Strategie für neue Ideen

Mit der Entwicklung des Web 2.0 wur­­den für Unternehmen neue Möglichkeiten geschaffen, um die Phase der Ideengenerierung für Innovationen ortsunabhängig zu externalisieren. Diese Strategie der Ideengenerierung wird je nach Kontext unter verschiedenen Begriffen wie Crowdsourcing, Open Innovation, interaktive Wertschöpfung, arbeitender Kunde oder Schwarmintelligenz zusammengefasst (Gassmann, 2010). Im Rahmen des Innovationsmanagements gibt es beim Crowdsourcing bereits einige idealisierte Prozesse für ein strategisch kluges Vorgehen. Doch diese Prozesse gehen in aller Regel explizit oder zumindest implizit von einem vordefinierten Ziel oder einem erhofften Ergebnis aus. Auf diese Weise wird jedoch die Möglichkeit einer «richtigen» Innovation bereits sehr stark eingeschränkt.

Der aus dem Entrepreneurship stammende «Effectuation»-Ansatz hingegen schlägt einen anderen Weg ein. Im Gegensatz zu einem vorgegebenen Ziel bilden hier die gegebenen Ressourcen den Beginn aller unternehmerischen Handlungen. Die Ziele kristallisieren sich dann im Laufe des Entwicklungsprozesses des Unternehmens heraus und werden mit den involvierten Stakeholdern gemeinsam definiert. Zusammen mit den eingebundenen Anspruchsgruppen wird das neue Produkt mit dem Unternehmen kreiert (Sarasvathy & Dew, 2008). Aufgrund der Kerneinstellung, dass die Zukunft un­sicher, also schlichtweg nicht vor­aus­sehbar ist und damit der Eintritt diver­ser Endergebnisse möglich ist, wird der Effectuation-Ansatz zu einem mächtigen Werkzeug.
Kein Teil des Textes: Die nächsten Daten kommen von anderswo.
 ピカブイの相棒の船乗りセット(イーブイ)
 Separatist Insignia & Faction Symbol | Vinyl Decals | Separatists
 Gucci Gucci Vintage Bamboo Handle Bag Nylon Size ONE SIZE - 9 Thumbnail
Prinzipien für Effectuation

Sarasvathy (2008) führt in ihrem Buch über Effectuation aus, dass die Zukunft von Menschen gestaltet wird und sie aus diesem Grund unvorhersehbar, aber dennoch kontrollierbar ist. Sie fand in ihren Studien heraus, dass erfahrene Unternehmer eine ausgeprägte Art des logischen Denkens zeigten, welche sehr rational und dennoch unternehmerisch geprägt war (Ambrosch, 2010). Vergleicht man die Denkweisen von Experten und Neulingen (Dew et al., 2009) zeigt sich, dass die Experten die gestellten Problem­stellungen sehr häufig mit dem Effectuation-Ansatz lösen (Ambrosch, 2010). Unternehmerisch Unerfahrene hingegen griffen häufig zu der linear-kausalen Logik (Dew et al., 2009). Im Kern lassen sich fünf Prinzipien für Effectuation charakterisieren (Sarasvathy, 2008; Faschingbauer, 2010; Ambrosch, 2010).
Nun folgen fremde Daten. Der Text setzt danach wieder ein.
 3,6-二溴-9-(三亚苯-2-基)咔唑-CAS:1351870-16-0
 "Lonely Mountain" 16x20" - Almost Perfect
Prinzip der Mittelorientierung

Im Prinzip der Mittelorientierung wird von den gegebenen Mitteln ausgegangen und der Zielzustand bewusst offenge­lassen (Faschingbauer, 2010). Die Mittel hängen von der jeweiligen Person ab, also wer er ist, was er weiss und wen er kennt (Wiltbank et al., 2006).

Prinzip des leistbaren Verlusts

Mit dem Prinzip des leistbaren Verlusts wird von Beginn an festgelegt, wie viele Mittelverluste für den Unternehmer maximal tragbar sind (Sarasvathy, 2001). So wird das mögliche Down-Side-Risiko festgelegt, was in der Konsequenz zu einer Berücksichtigung des potenziellen Misserfolgs führt (Read et al., 2009).
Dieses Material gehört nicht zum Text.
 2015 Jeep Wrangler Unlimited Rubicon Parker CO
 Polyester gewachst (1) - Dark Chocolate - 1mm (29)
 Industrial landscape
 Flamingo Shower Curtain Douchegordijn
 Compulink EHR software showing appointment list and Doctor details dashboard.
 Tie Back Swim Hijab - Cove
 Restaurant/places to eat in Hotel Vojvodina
Prinzip der Vereinbarungen und Partnerschaften

Anstatt eine detaillierte Marktanalyse zu erstellen, um unternehmerische Gelegenheiten zu entdecken, schlägt das Prinzip der Vereinbarungen und Partnerschaften vor, neue unternehmerische Gelegenheiten durch das Hinzugewinnen von Mitteln der involvierten Stakeholder zu schaffen (Read et al., 2009). Diese Partnerschaften werden durch frühzeitige Vereinbarungen geschlossen, um Eintrittsbarrieren zu errichten und Unsicherheiten zu reduzieren (Sarasvathy, 2001). Jeder so gewonnene Stakeholder trägt zu der Ausgestaltung der Vision und damit der später realisierten unternehmerischen Gelegenheit bei (Wiltbank et al., 2006).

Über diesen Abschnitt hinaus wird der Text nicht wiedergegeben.